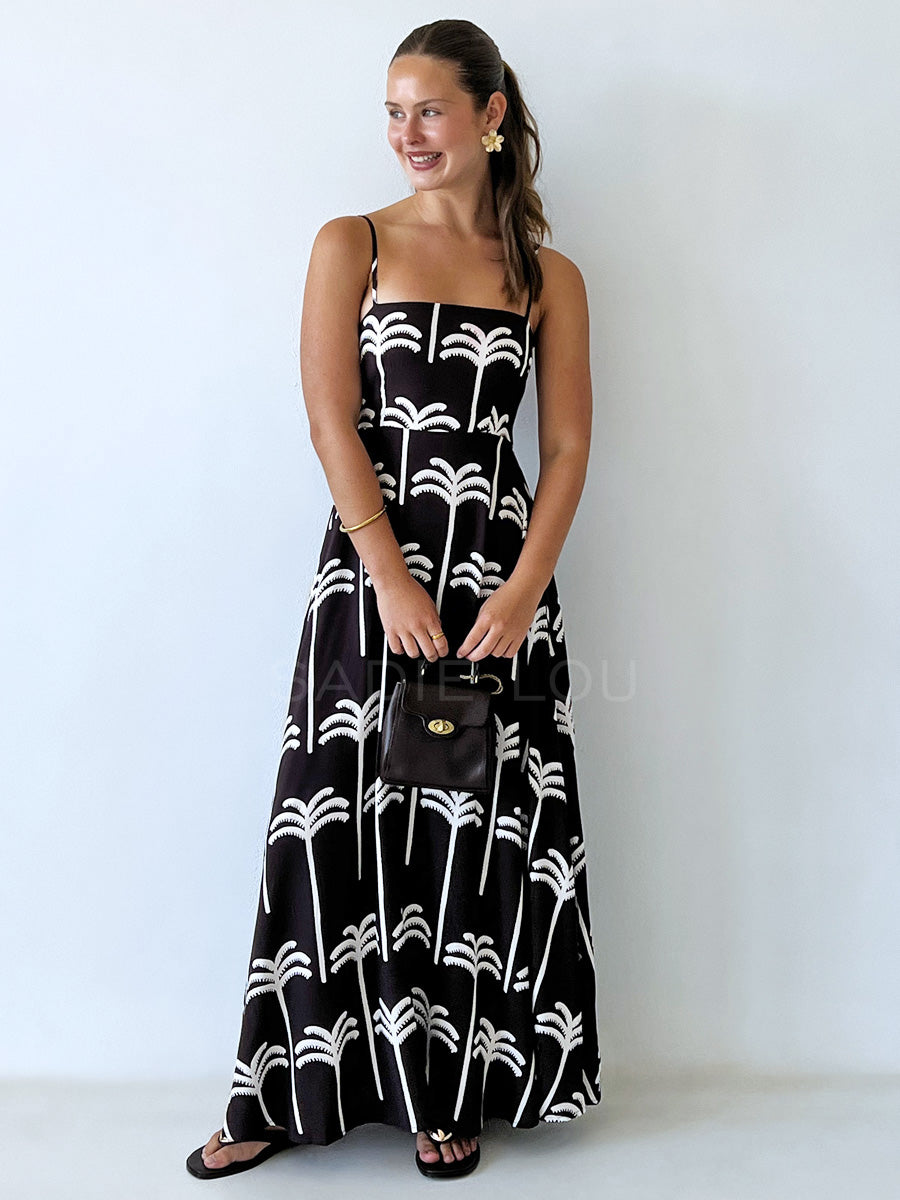 Scarlett Maxi - Brown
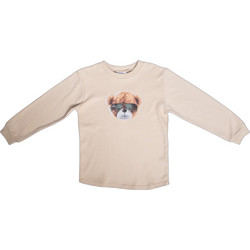 Serafino Παιδικό T-Shirt Μακρυμάνικο Μπεζ FW25-6222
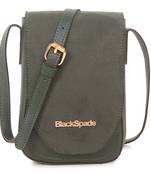 Green Mobile Sling Bag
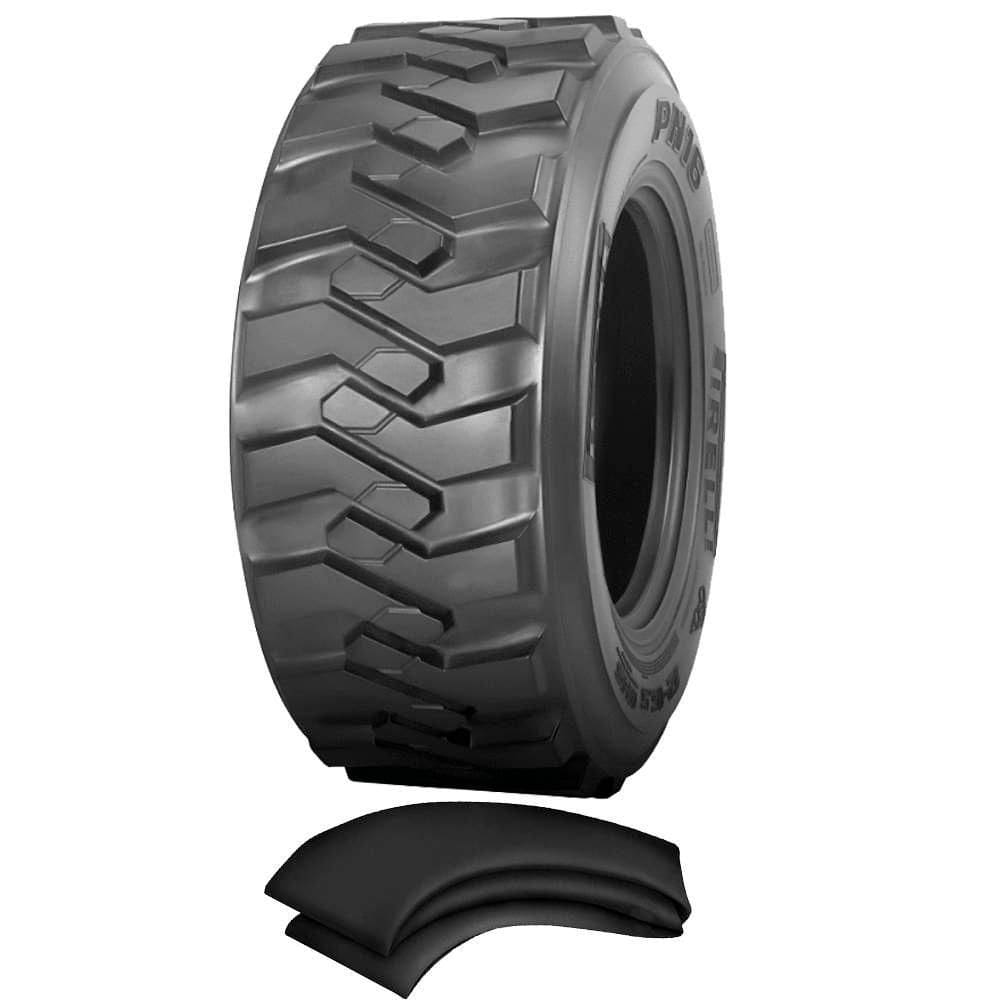 Kit Pneu 10-16.5 10 Lonas Pn16 Pirelli + Camara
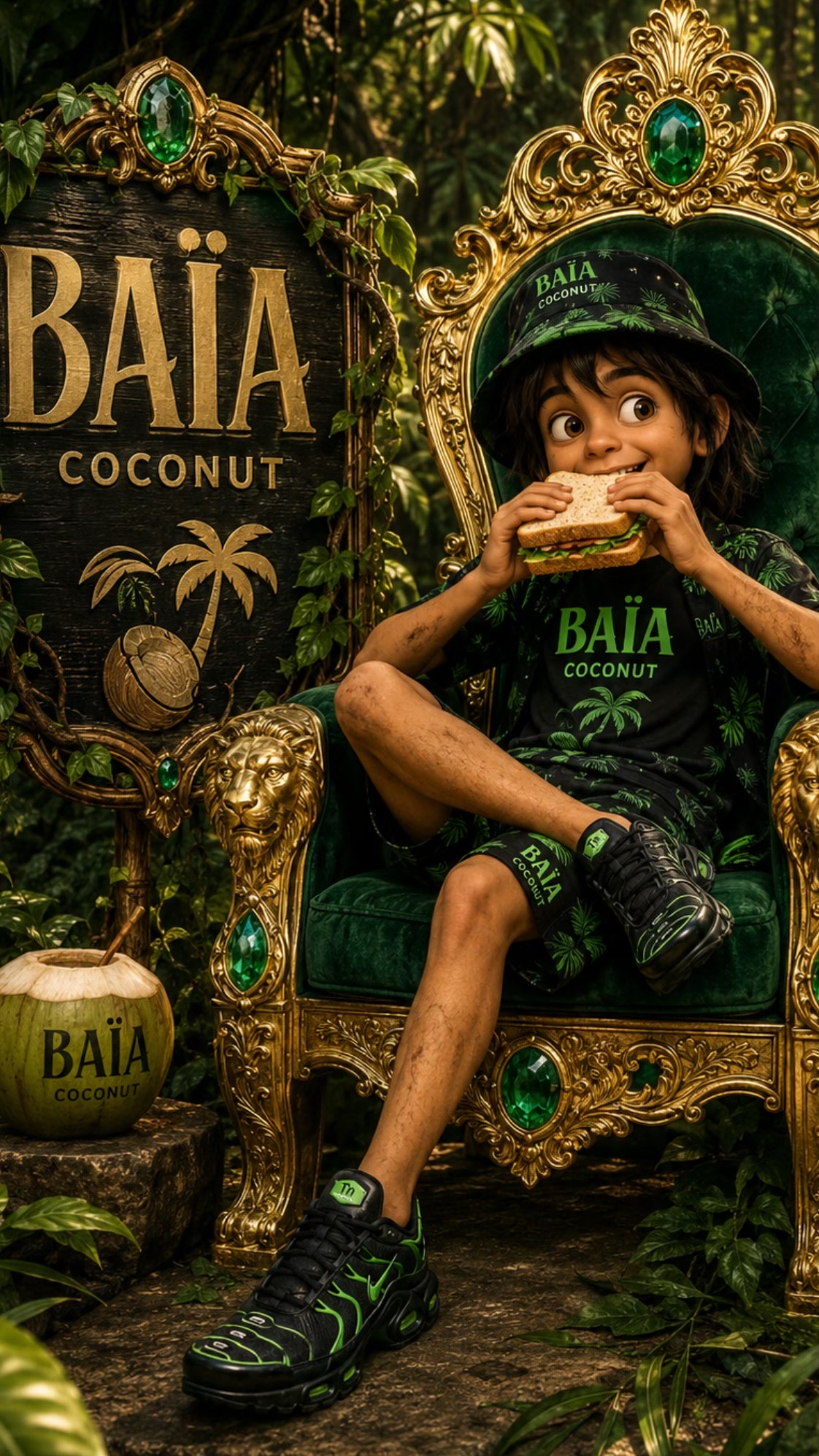 @Ba&iuml;a Coconut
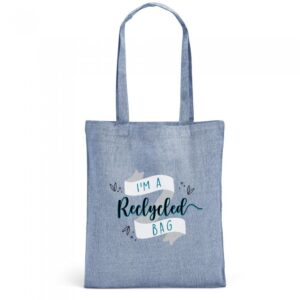 Sacola de Algodão Reciclado Personalizada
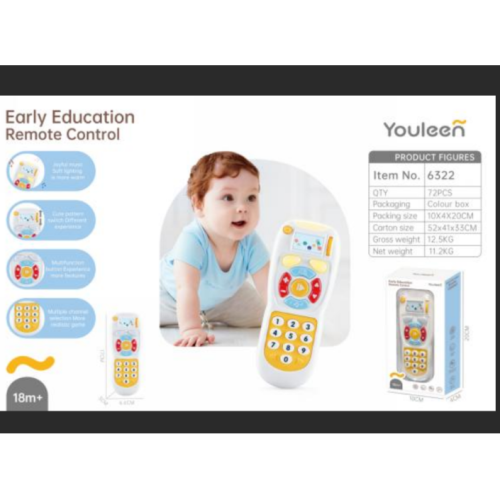 早教多功能遥控器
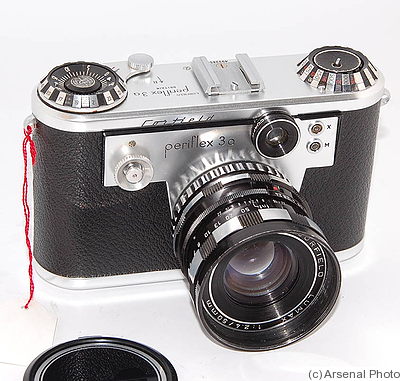 Corfield: Periflex 3a camera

● Exercise prompt
Please restate each entry exactly, but drop any picture it holds.

● Response area
 Scarlett Maxi - Brown
 Serafino Παιδικό T-Shirt Μακρυμάνικο Μπεζ FW25-6222
 Green Mobile Sling Bag
 Kit Pneu 10-16.5 10 Lonas Pn16 Pirelli + Camara
 @Ba&iuml;a Coconut
 Sacola de Algodão Reciclado Personalizada
 早教多功能遥控器
 Corfield: Periflex 3a camera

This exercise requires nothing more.